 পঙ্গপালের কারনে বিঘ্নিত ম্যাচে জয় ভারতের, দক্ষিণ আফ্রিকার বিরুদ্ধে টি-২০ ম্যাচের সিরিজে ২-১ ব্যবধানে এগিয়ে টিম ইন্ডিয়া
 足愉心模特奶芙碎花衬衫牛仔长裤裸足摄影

* * *

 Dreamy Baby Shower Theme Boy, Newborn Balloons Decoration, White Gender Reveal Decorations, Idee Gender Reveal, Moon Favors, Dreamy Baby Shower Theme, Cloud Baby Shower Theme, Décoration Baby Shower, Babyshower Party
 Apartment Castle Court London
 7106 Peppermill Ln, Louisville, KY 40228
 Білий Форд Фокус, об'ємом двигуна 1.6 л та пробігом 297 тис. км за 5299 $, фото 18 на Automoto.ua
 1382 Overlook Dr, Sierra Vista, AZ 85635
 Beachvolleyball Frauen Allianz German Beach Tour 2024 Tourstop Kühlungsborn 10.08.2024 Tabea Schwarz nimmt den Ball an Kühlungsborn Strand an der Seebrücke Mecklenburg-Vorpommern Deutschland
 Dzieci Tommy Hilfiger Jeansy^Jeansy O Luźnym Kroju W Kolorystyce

* * *

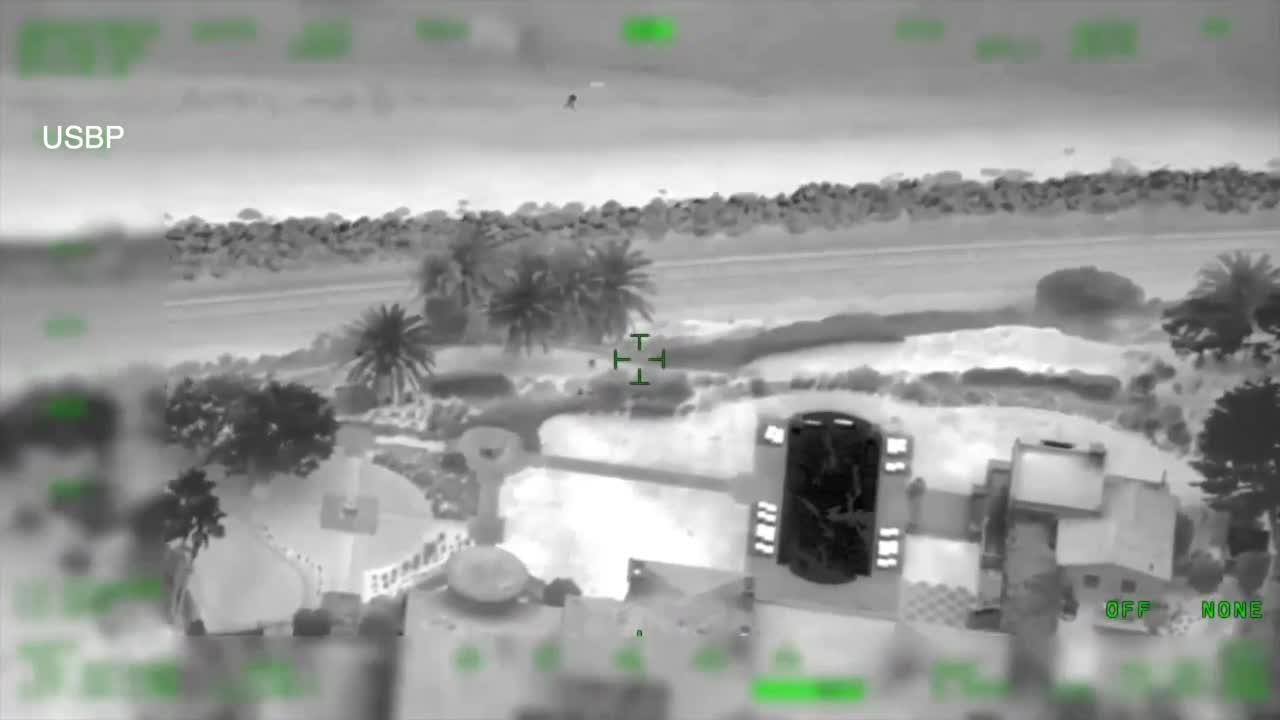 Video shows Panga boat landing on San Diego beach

TASK PROMPT:
Output the lines of the records above exactly as they appear, from the line containing "1382 Overlook Dr, Sierra Vista, AZ 85635" through the line containing "Dzieci Tommy Hilfiger".

TASK RESULT:
 1382 Overlook Dr, Sierra Vista, AZ 85635
 Beachvolleyball Frauen Allianz German Beach Tour 2024 Tourstop Kühlungsborn 10.08.2024 Tabea Schwarz nimmt den Ball an Kühlungsborn Strand an der Seebrücke Mecklenburg-Vorpommern Deutschland
 Dzieci Tommy Hilfiger Jeansy^Jeansy O Luźnym Kroju W Kolorystyce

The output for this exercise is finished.